Os alunos ficam em silêncio a aula inteira.

“É muito mais cansativo. Eles não me perguntam nada a aula inteira. Eu falo, falo, falo… Aí, depois, recebo mensagens no WhatsApp o dia inteiro com dúvidas. Eu trabalho das 9 às 15 horas, mas como a escola é integral, eu tenho que responder. Às vezes, até à noite tem aluno chamando”. 

Em comum com as demais professoras, ela conta que adoraria retornar a rotina de antes da COVID-19. Apesar do deslocamento até a escola, a jornada de trabalho era mais tranquila e a participação dos alunos, muito melhor. Ainda assim, diz que prefere continuar em casa até o final do ano.

O medo de voltar é tão grande quanto o cansaço que sente na rotina de home office

“Eu queria muito voltar, mas tenho muito medo de ficar doente. Com o calor que está por vir, qual a chance de manter uma turma de adolescentes na sala sem ventilador ou ar condicionado ligado? Conheço meus alunos o suficiente para saber que não vai rolar – nem isso nem o distanciamento entre eles ou o uso de máscara”.

Já que pertence ao grupo de risco, ela, de fato, não retornará às aulas presenciais em 2020.

Já Verônica aguarda a liberação da creche para a próxima quarta-feira (14 de outubro). Enquanto isso, prepara um Dia das Crianças drive-thru. Medo? Ela também tem. Principalmente, por serem crianças muito pequenas, ou seja, que não usam máscara ou álcool gel.

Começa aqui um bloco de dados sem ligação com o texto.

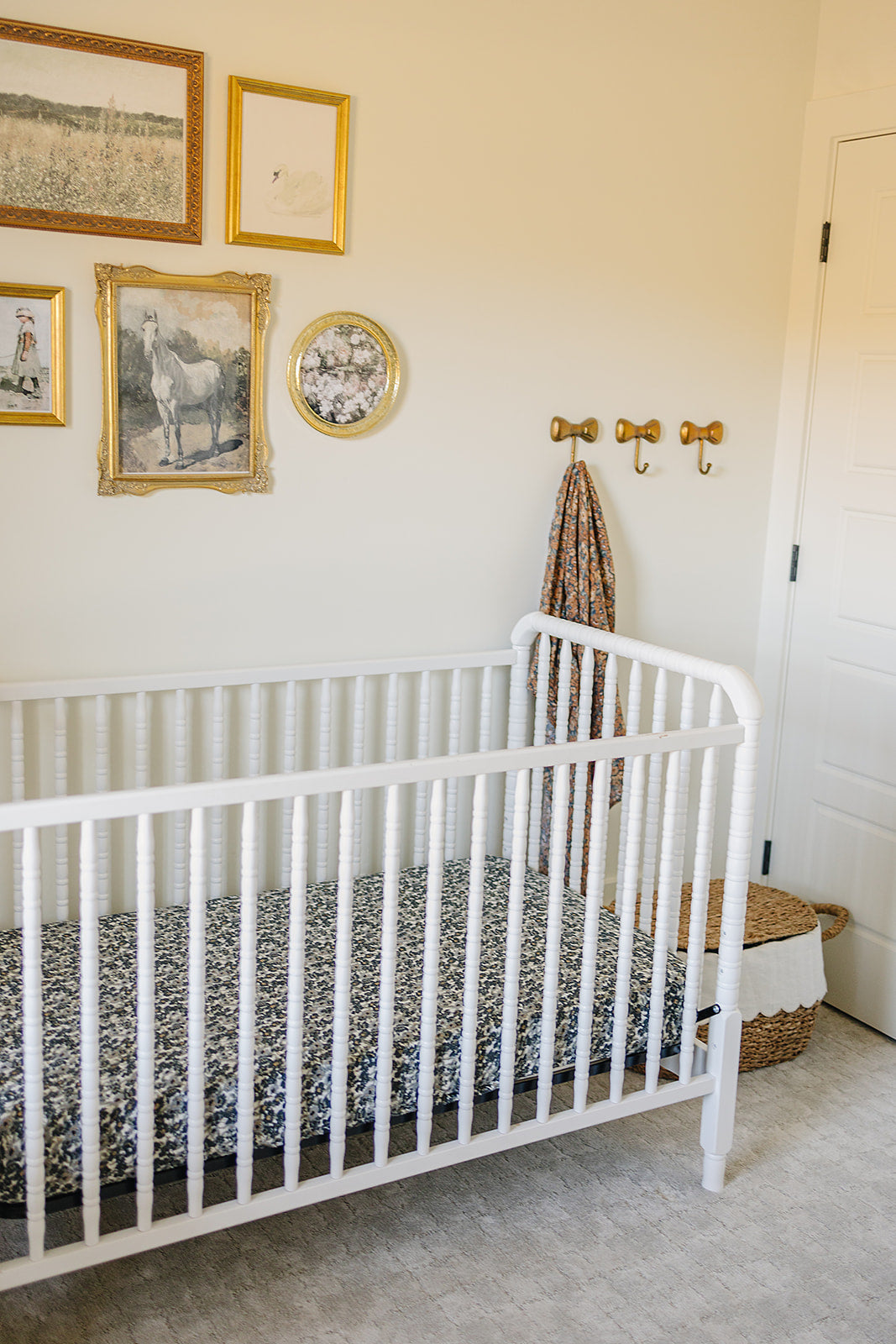 Liberty Floral Muslin Crib Sheet - HoneyBug 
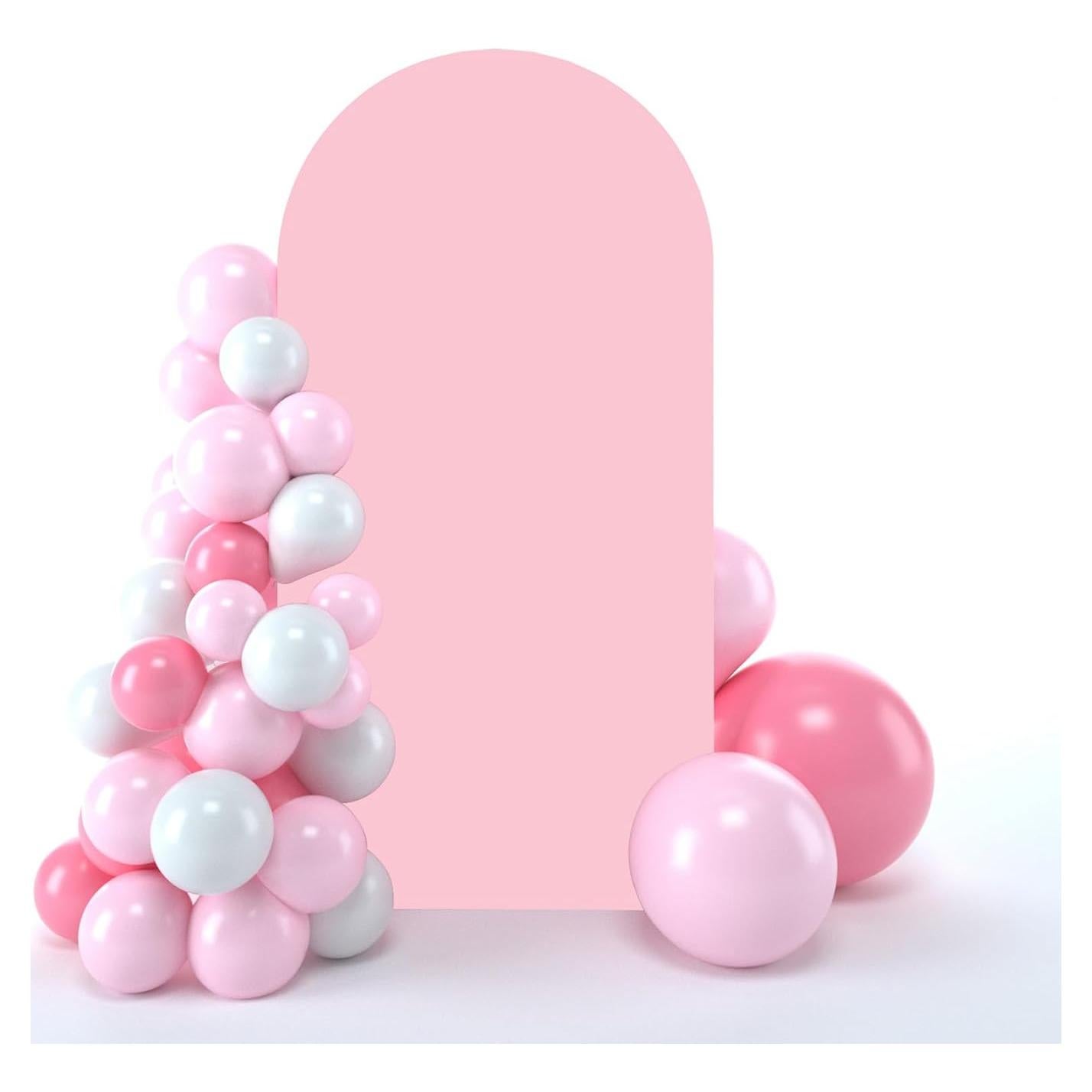 Cubierta de Arco de Boda Bricia 2.19m Rosa Estirable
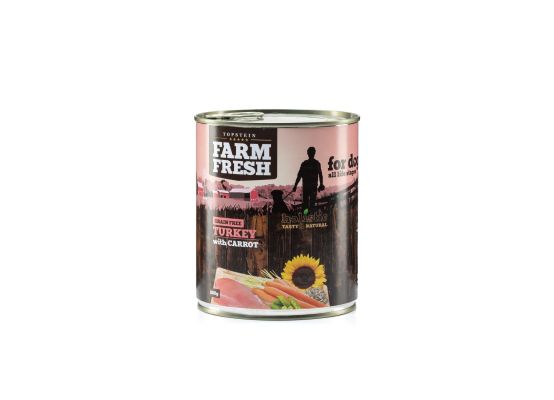 Farm Fresh Dog Turkey with Carrot konz 800g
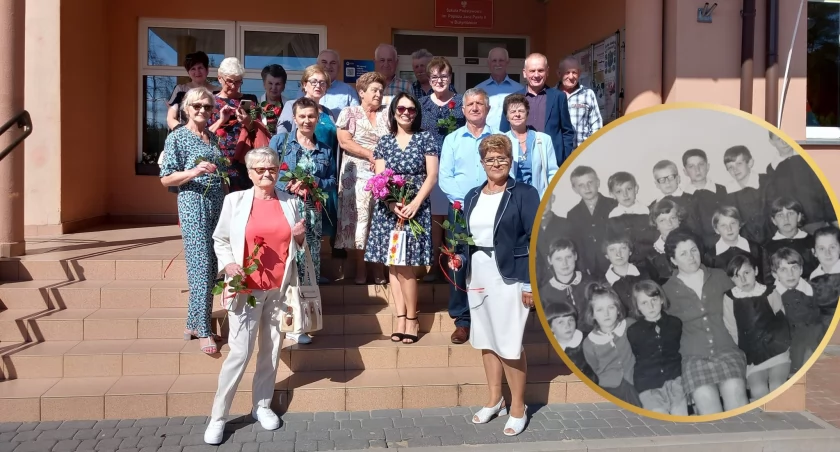 Absolwenci rocznica 1974 zwiedzili szkołę. / Zdjęcia:  SP w Białymbłocie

Ainda assim, tudo está sendo preparado para recebê-los com a maior segurança possível. Tanto para as famílias quanto para a equipe de professores.

A turminha da Camila também vai voltar, mas no contraturno e com outra professora. Ela, assim como todos, tem receios quanto a volta.

De todo modo, um sentimento é comum entre todos: a saudade da sala de aula e a vontade de voltar ao normal. Não o novo. Mas o de antes da pandemia.